Yasna 62.11 also marks the beginning of the actual ab-zohr. During the following recital of Yasna 62, 64, 65 and 68, the celebrant repeatedly pours the combined parahaomas between two bowls and the mortar, such that, by the end of Yasna 68, all three vessels contain the same amount of liquid.

The service then concludes with the recitation of Yasna 72, immediately after which the priest carries the mortar with parahaoma to a well or stream. There, in three pourings, libations are made to the waters (Aban), accompanied by invocations to Aredvi Sura Anahita. The remaining parahaoma in the two bowls is given to persons attending the ceremony. Since the liquid, in its ritually pure state, is considered beneficial, participants may choose to drink a little of it, or provide some to infants or the dying. The remainder is poured away on the roots of fruit-bearing trees.

==Symbolism and purpose==
The offering (the parahaoma mixture) represents animal life (the milk) and plant life (the sap of the pomegranate leaves and twigs), combined with the strengthening and healing properties attributed to haoma.

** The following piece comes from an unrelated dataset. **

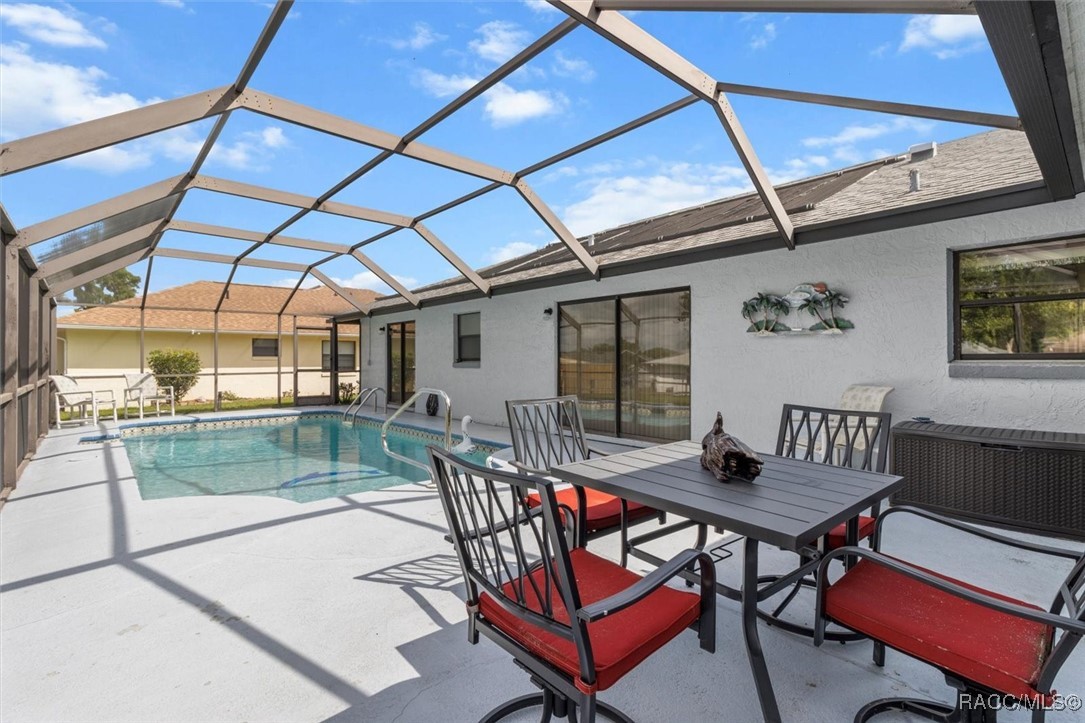 3896 N Everlasting Drive, Beverly Hills, New York image 5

Through the addition of consecrated water, the preparation of the parahaoma symbolically returns the life given by Aban ('the waters'). The principal purpose of the Ab-Zohr is to "purify" those waters, as is evident in Yasna 68.1, where the zaothra ('offering') makes good for the damage done to water by humanity: "These offerings, possessing haoma, possessing milk, possessing pomegranate, shall compensate thee".

This is underscored in Vendidad 14.4, where the appropriate atonement for the sin of killing a "water dog" (an otter) is an "offering to the waters." Vendidad 18.72 also recommends its use as a general penance. According to a passage of the Avesta that survives only as a translation in Denkard 8.25.24, the ingredients and materials for an offering to the waters were carried by the priests accompanying an army so that soldiers could perform the ritual before battle.

The decontamination symbolism in the Ab-Zohr is a reflection of Zoroastrian cosmogony, wherein the primeval waters (the lower half of the sky, upon which the universe rests, and from which two rivers encircle the earth) fear pollution by humankind. According to Bundahishn 91.1, Ahura Mazda promised the waters to "create one (i.e. Zoroaster) who will pour haoma into you to cleanse you again."

According to tradition, Zoroaster frequently made the offering to water (Zatspram 19.2-3), and received his revelation on a riverbank while preparing parahaoma (Zatspram 21.1).